Set down every entry once more, exactly as it appears.

*** Input data Section Begins ***

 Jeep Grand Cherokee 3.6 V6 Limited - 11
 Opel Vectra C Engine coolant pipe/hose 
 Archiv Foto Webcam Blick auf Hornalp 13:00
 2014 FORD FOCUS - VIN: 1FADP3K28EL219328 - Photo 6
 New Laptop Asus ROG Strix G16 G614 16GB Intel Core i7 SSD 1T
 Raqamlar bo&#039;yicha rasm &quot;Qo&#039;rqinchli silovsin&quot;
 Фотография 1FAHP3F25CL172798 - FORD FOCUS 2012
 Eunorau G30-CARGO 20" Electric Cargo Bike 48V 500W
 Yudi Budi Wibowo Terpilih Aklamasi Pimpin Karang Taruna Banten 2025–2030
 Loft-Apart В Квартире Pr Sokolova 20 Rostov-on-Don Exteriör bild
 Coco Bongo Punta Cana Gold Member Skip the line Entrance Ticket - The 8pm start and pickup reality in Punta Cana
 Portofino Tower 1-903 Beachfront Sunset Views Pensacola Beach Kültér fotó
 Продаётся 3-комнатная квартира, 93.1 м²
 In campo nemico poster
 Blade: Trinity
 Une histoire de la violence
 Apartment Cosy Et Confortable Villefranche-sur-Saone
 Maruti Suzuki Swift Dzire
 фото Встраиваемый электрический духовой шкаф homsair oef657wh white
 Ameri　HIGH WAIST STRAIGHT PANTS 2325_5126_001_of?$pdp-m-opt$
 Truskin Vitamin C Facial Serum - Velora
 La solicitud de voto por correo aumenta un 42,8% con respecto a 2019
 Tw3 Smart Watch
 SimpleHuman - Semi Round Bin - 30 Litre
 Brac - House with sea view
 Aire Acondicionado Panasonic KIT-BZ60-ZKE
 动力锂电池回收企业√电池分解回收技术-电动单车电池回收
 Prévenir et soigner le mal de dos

*** Input data Section Ends ***

▶ _Response to this task_:
 Jeep Grand Cherokee 3.6 V6 Limited - 11
 Opel Vectra C Engine coolant pipe/hose 
 Archiv Foto Webcam Blick auf Hornalp 13:00
 2014 FORD FOCUS - VIN: 1FADP3K28EL219328 - Photo 6
 New Laptop Asus ROG Strix G16 G614 16GB Intel Core i7 SSD 1T
 Raqamlar bo&#039;yicha rasm &quot;Qo&#039;rqinchli silovsin&quot;
 Фотография 1FAHP3F25CL172798 - FORD FOCUS 2012
 Eunorau G30-CARGO 20" Electric Cargo Bike 48V 500W
 Yudi Budi Wibowo Terpilih Aklamasi Pimpin Karang Taruna Banten 2025–2030
 Loft-Apart В Квартире Pr Sokolova 20 Rostov-on-Don Exteriör bild
 Coco Bongo Punta Cana Gold Member Skip the line Entrance Ticket - The 8pm start and pickup reality in Punta Cana
 Portofino Tower 1-903 Beachfront Sunset Views Pensacola Beach Kültér fotó
 Продаётся 3-комнатная квартира, 93.1 м²
 In campo nemico poster
 Blade: Trinity
 Une histoire de la violence
 Apartment Cosy Et Confortable Villefranche-sur-Saone
 Maruti Suzuki Swift Dzire
 фото Встраиваемый электрический духовой шкаф homsair oef657wh white
 Ameri　HIGH WAIST STRAIGHT PANTS 2325_5126_001_of?$pdp-m-opt$
 Truskin Vitamin C Facial Serum - Velora
 La solicitud de voto por correo aumenta un 42,8% con respecto a 2019
 Tw3 Smart Watch
 SimpleHuman - Semi Round Bin - 30 Litre
 Brac - House with sea view
 Aire Acondicionado Panasonic KIT-BZ60-ZKE
 动力锂电池回收企业√电池分解回收技术-电动单车电池回收
 Prévenir et soigner le mal de dos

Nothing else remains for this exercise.